Sembra di essere tornati agli anni ’90, i tempi della grande sfida per entrare subito nella moneta unica come se si trattasse di un’impresa ginnica, senza che nessuno reputasse necessario e opportuno spiegare quali sarebbero stati i costi dell’ambìto ingresso, e cosa significasse oltre la superficialità dell’orgoglio nazionale. E anche adesso, a una ventina d’anni di distanza, Stefano Fassina è quasi l’unico a scostarsi dal coro. Sull’Huffpost spiega nel dettaglio perché, a suo parere, «accelerare l’integrazione economica e politica senza una radicale correzione di rotta implica anticipare lo scontro con l’iceberg della sofferenza economica e sociale», proprio quando «l’eurozona è sulla rotta del Titanic». Per l’Italia quella rotta significa «consegnarsi al soffocamento economico e sociale e alla completa colonizzazione politica, vuol dire continuare a contraddire i princìpi di fondo della nostra Costituzione».
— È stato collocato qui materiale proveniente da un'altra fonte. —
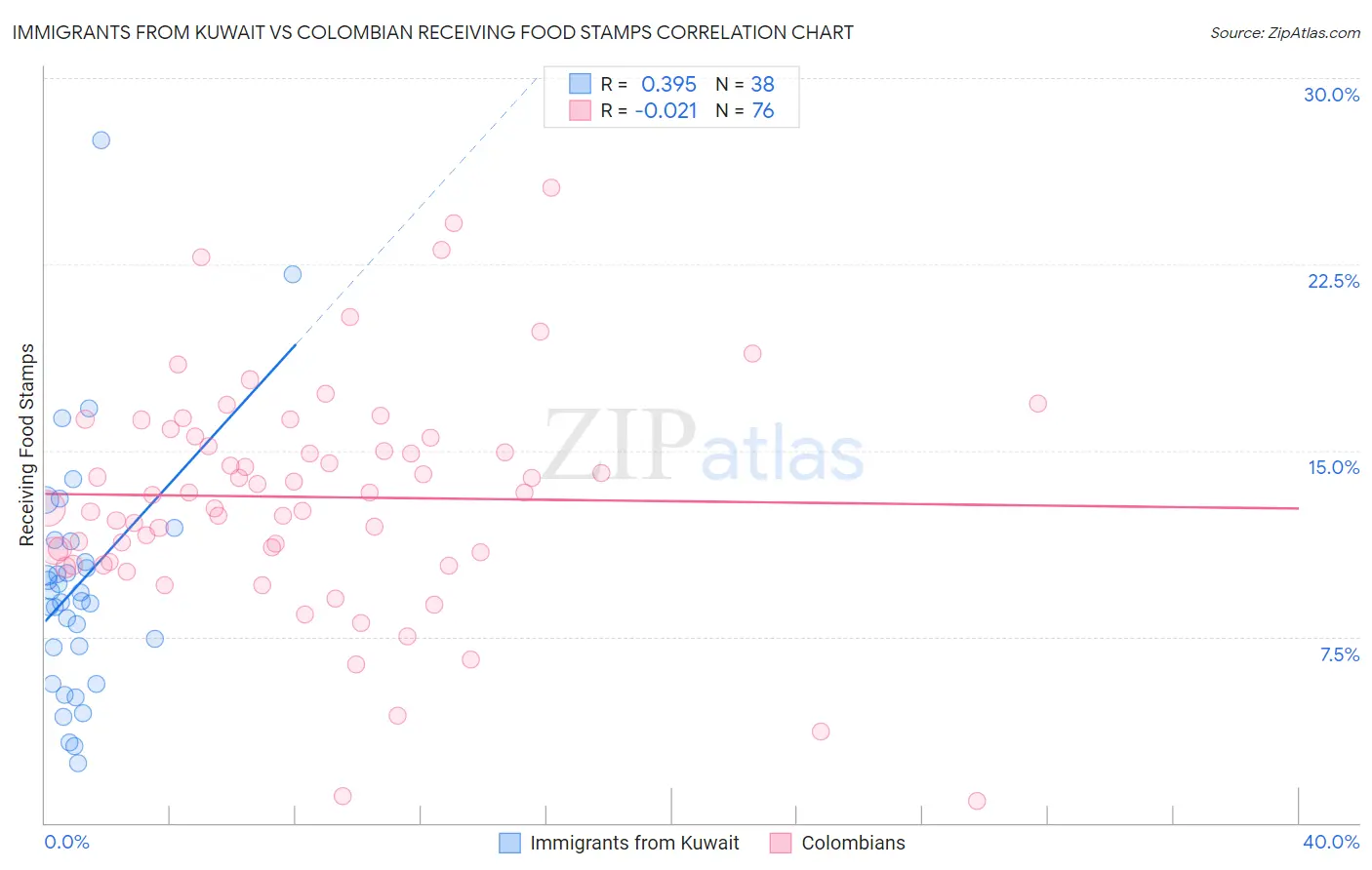 Immigrants from Kuwait vs Colombian Receiving Food Stamps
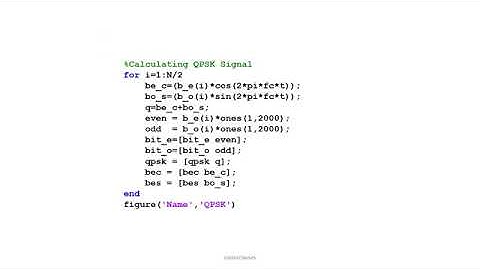 Matlab Simulation Program to implement QPSK system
La realtà, come tutti sanno ma nessuno dice, è che la scelta che Merkel vuole far ratificare a Roma il 25 marzo comporta comunque rischi e prezzi molto alti per l’Italia. E’ probabile che la Germania non creerà veri ostacoli alla marcia di Prodi e Gentiloni, dal momento che, proprio come negli anni ’90, un’Italia fuori da quella che sarà la «nuova» moneta unica di serie A creerebbe troppi problemi in termini di concorrenza. Però «stare al passo dei Paesi più virtuosi», come scriveva ieri l’Unità, non sarà indolore, e d’altra parte non lo sarebbe neppure l’opzione opposta, che una parte dell’establishment tedesco preferirebbe.
Qualche assaggio lo si avrà quando l’Europa esprimerà il suo verdetto sulla risposta italiana alla richiesta di manovra aggiuntiva. Muoversi in maniera più trasparente di quanto non sia stato fatto al momento dell’ingresso nella moneta unica sarebbe doveroso.